The data —
Start of Block

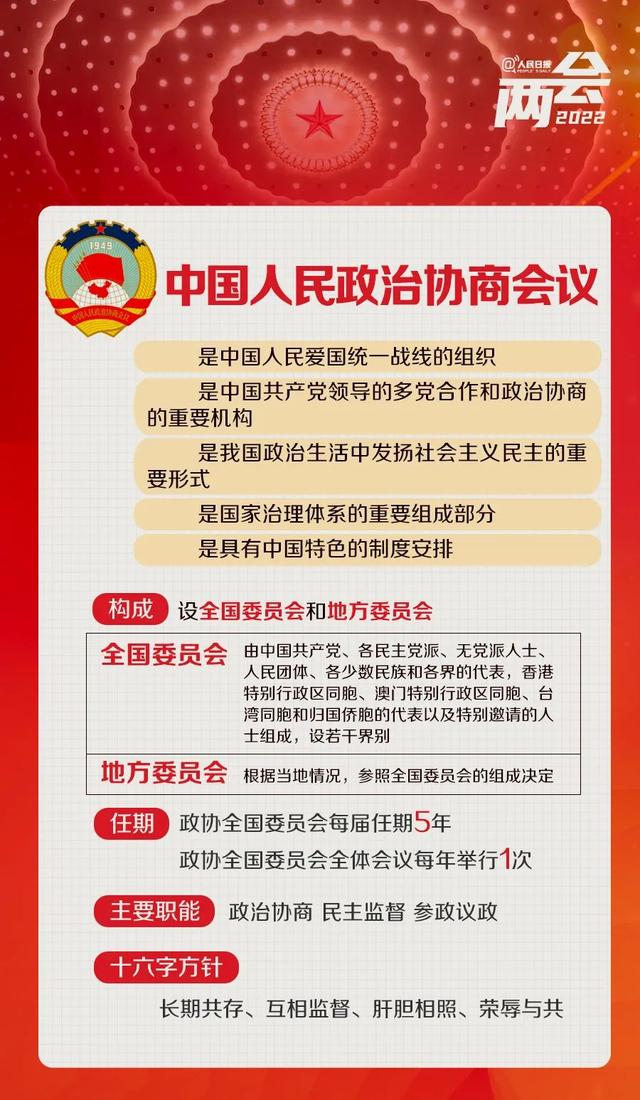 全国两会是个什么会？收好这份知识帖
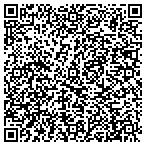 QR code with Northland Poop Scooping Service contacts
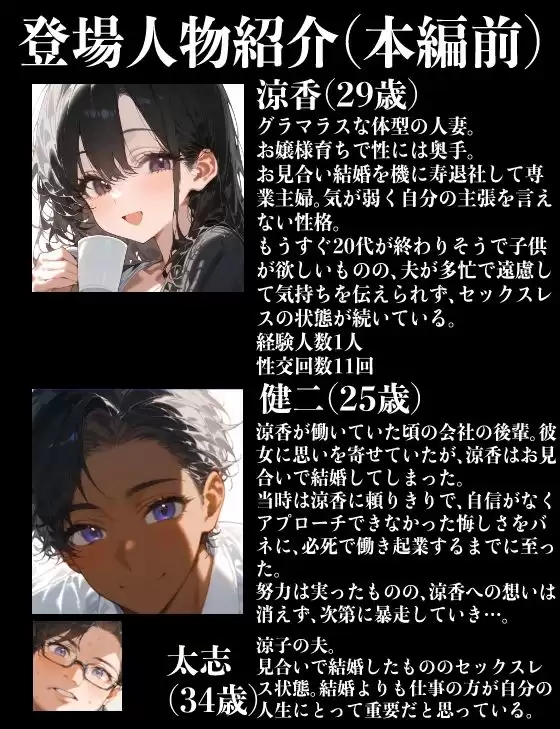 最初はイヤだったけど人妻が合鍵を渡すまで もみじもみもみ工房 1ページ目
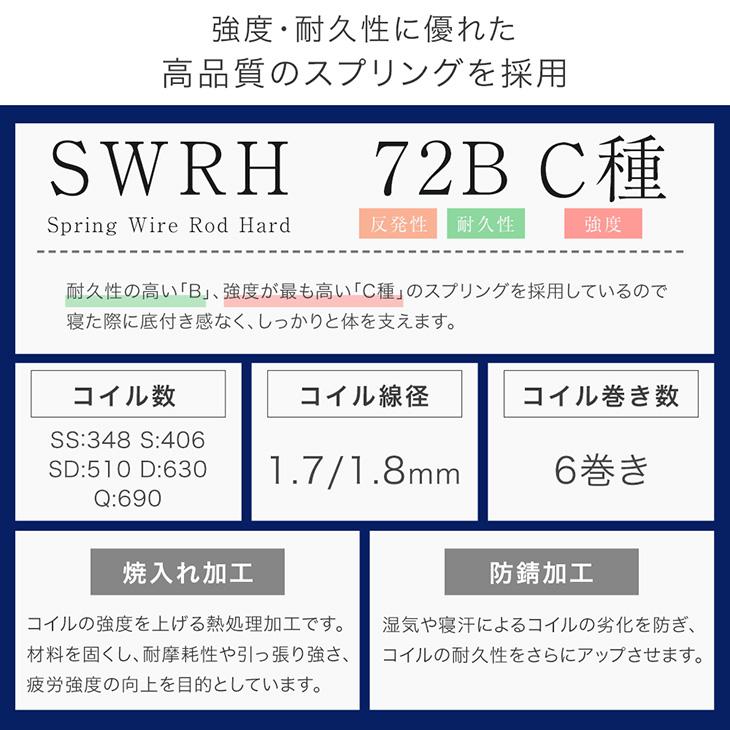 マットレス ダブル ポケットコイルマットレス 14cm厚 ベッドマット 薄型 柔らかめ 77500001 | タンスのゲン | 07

End of Block

Action item —
Omit the pictures. Repeat the rest of the data exactly.

Exercise response —
 全国两会是个什么会？收好这份知识帖
 QR code with Northland Poop Scooping Service contacts
 最初はイヤだったけど人妻が合鍵を渡すまで もみじもみもみ工房 1ページ目
 マットレス ダブル ポケットコイルマットレス 14cm厚 ベッドマット 薄型 柔らかめ 77500001 | タンスのゲン | 07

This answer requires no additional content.